As exportações brasileiras atingiram um recorde em outubro, apesar dos aumentos das tarifas dos EUA

A Ásia e a Europa compensaram a queda de 37,9% nas vendas nos EUA
A diversificação das exportações para a Ásia e Europa compensou os efeitos das tarifas dos EUA, três meses após a retaliação comercial do governo de Donald Trump. As vendas externas brasileiras aumentaram 9,1% em outubro em comparação com o mesmo mês do ano anterior, atingindo um recorde mensal desde o início da série histórica em 1989.
O crescimento ocorreu apesar de uma queda acentuada de 37,9% nas vendas nos EUA. Os dados foram publicados em 6 de novembro pelo Ministério do Desenvolvimento, Indústria, Comércio e Serviços (MDIC).
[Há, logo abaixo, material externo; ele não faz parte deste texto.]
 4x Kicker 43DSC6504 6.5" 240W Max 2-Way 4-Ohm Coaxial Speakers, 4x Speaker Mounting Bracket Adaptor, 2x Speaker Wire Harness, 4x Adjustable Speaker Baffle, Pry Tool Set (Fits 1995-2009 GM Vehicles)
De acordo com a pesquisa, as exportações atingiram US$ 31,97 bilhões no mês passado, enquanto as importações chegaram a US$ 25,01 bilhões, resultando em um superávit comercial de US$ 6,96 bilhões.
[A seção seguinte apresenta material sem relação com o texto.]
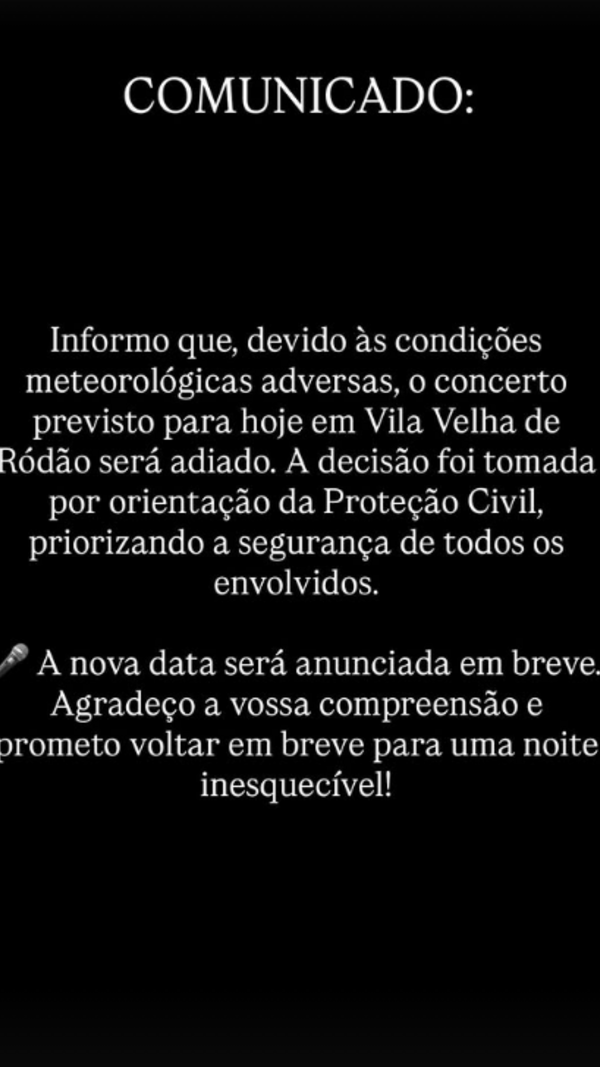Concerto de Tony Carreira em Vila Velha de Ródão adiado devido ao mau tempo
A diminuição das exportações para os EUA, influenciada pelas taxas impostas pelo governo americano, levou a uma queda de 24,1% nas vendas na América do Norte. Essa foi a única região que registrou uma queda nas exportações em outubro.
O principal fator para o declínio das vendas na América do Norte foi a queda de 82,6% nas remessas de petróleo, o que equivale a uma perda de US$ 500 milhões. As vendas de celulose (43,9%), óleo combustível (37,7%) e aeronaves e componentes (19,8%) também diminuíram.
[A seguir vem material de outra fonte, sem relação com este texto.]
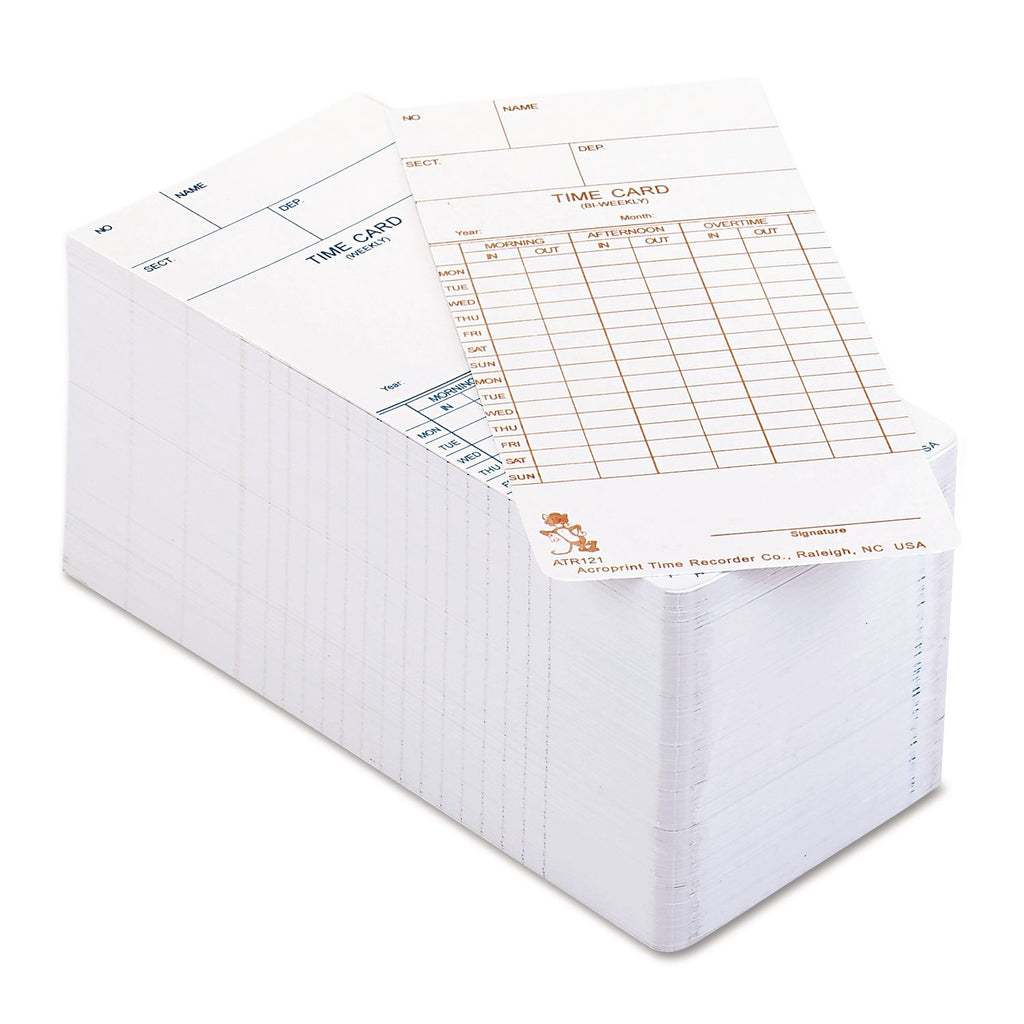 Time Clock Cards for Acroprint ATR120, Two Sides, 3.5 x 7, 250/Pack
Os produtos não derivados, como óleo combustível e celulose, também diminuíram”, informou Herlon Brandão, Diretor de Estatísticas e Estudos de Comércio Exterior do MDIC.
Outros mercados
A queda nas exportações para os EUA foi compensada pelo aumento das vendas para outras regiões, especialmente para a Ásia, que aumentou 21,2%, impulsionada pela China (33,4%), Índia (55,5%), Cingapura (29,2%) e Filipinas (22,4%).
Entre os produtos, destacam-se os aumentos nas exportações de soja (64,5%), petróleo bruto (43%), minério de ferro (31,7%) e carne bovina (44,7%).
Na Europa, as vendas aumentaram 7,6%, com forte crescimento em minérios de cobre (823,6%), carne bovina (73,4%) e celulose (46,8%). A América do Sul registrou um aumento de 12,6%, impulsionado pelos embarques de petróleo bruto (141,1%).
De acordo com Brandão, as exportações brasileiras para os EUA diminuíram de forma constante nos últimos três meses. A queda foi de 16,5% em agosto, 20,3% em setembro e 37,9% em outubro.
“Observamos taxas de variação negativas cada vez mais altas em comparação com o mesmo mês do ano anterior”, explicou Brandão.
O diretor do MDIC também destacou que a tendência reflete não apenas os efeitos diretos das tarifas, mas também uma possível redução na demanda dos EUA.
“A principal queda em termos absolutos foi a do petróleo bruto, que não estava sujeito a tarifas. Isso indica que há vários efeitos que influenciam a contração das exportações para os EUA”, acrescentou.